The great Matt Taibbi follows Fred Thompson on the trail and finds incoherent answers matched up with reporters who, shrugging, report them as wisdom.

I spot Carl Cameron, the right-wing hatchet man for Fox News. Cameron is whaling on Thompson, doing a mocking impersonation of the candidate's "Security, Unity, Prosperity" campaign shtick.

"We're, uh, gonna be yoo-nited bah owre yoo-nity!" Cameron cracks.

A crowd of reporters doubles over in laughter. Then they get in their vehicles and chase after Thompson to the next event, so they can feverishly record those same hackneyed lines again and again for posterity. They'll laugh in private, but they'll be repeating that shit on air with a straight face for the next 400 days.

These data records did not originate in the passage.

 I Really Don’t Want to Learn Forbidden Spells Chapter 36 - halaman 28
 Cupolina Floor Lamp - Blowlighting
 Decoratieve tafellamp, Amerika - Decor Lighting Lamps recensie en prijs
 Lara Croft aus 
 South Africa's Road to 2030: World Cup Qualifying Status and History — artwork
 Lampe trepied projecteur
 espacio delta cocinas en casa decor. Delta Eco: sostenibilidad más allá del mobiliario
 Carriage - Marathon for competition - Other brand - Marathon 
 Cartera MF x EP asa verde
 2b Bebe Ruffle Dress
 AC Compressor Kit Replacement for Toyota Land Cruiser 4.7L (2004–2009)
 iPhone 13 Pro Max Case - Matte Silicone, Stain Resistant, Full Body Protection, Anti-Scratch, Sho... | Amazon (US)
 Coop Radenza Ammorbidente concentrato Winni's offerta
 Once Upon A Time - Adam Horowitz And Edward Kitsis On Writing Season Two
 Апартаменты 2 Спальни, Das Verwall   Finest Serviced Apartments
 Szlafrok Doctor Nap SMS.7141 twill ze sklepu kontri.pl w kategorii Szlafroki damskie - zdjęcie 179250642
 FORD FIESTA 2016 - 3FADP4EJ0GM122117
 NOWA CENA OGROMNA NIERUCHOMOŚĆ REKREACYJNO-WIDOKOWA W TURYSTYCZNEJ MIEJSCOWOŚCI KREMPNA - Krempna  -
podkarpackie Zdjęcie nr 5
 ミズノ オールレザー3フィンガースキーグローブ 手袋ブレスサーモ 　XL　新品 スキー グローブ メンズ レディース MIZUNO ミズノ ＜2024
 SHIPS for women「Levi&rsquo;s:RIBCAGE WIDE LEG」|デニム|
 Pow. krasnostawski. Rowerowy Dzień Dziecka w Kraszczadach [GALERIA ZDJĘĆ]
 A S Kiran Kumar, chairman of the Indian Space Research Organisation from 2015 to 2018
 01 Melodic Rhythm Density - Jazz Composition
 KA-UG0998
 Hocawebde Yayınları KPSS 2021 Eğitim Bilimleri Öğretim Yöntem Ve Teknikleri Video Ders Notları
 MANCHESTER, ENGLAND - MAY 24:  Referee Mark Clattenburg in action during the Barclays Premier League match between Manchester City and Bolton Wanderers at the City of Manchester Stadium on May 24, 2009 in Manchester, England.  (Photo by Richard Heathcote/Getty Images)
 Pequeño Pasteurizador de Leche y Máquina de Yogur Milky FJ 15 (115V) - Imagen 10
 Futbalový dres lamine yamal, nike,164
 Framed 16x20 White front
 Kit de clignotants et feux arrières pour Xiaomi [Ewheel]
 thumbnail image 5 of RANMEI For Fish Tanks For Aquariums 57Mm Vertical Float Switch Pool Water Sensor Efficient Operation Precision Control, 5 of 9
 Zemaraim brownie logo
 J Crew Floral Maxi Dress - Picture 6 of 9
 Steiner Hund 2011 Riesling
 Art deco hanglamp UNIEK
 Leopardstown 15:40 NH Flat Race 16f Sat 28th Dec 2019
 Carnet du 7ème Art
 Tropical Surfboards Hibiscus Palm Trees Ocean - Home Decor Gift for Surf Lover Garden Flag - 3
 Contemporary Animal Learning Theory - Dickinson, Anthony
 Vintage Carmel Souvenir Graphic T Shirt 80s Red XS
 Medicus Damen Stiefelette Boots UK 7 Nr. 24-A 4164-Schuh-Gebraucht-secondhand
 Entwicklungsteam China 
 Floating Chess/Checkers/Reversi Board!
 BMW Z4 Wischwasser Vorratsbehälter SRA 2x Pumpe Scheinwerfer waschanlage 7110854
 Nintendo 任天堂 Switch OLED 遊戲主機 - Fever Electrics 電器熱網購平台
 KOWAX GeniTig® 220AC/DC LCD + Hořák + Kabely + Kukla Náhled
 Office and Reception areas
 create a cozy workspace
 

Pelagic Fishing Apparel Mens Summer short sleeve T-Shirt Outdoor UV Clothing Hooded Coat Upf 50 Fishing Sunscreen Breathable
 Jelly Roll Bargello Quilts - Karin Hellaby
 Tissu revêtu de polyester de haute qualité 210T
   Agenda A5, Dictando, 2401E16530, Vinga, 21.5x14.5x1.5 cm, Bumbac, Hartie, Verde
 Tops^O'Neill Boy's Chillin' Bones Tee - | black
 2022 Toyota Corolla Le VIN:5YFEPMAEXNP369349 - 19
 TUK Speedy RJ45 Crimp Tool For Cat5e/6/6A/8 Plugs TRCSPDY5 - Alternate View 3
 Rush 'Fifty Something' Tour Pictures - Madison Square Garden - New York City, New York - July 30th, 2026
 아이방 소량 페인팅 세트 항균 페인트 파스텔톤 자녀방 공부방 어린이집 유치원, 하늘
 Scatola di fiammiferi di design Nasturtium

James Pindell reports that Ron Paul's family was having some fun on the trail with Rudy Giuliani's oddball cell phone addiction.

While introducing his father, Rand Paul, a Kentucky physician, pretended to take a phone call.

"Oh Rudy Giuliani, how are you," Paul joked. "Oh what's that? You don't have any members of your family who want to campaign for you and you want to borrow ours?"

And from the comments on the Friday thread, here is a disturbing yet compelling video for Roy Shivers' song "Ron Paul 2008," a litany of insults and calumnies against the other candidates.

It seems weird that he couldn't find any images or video for the Fred Thompson part.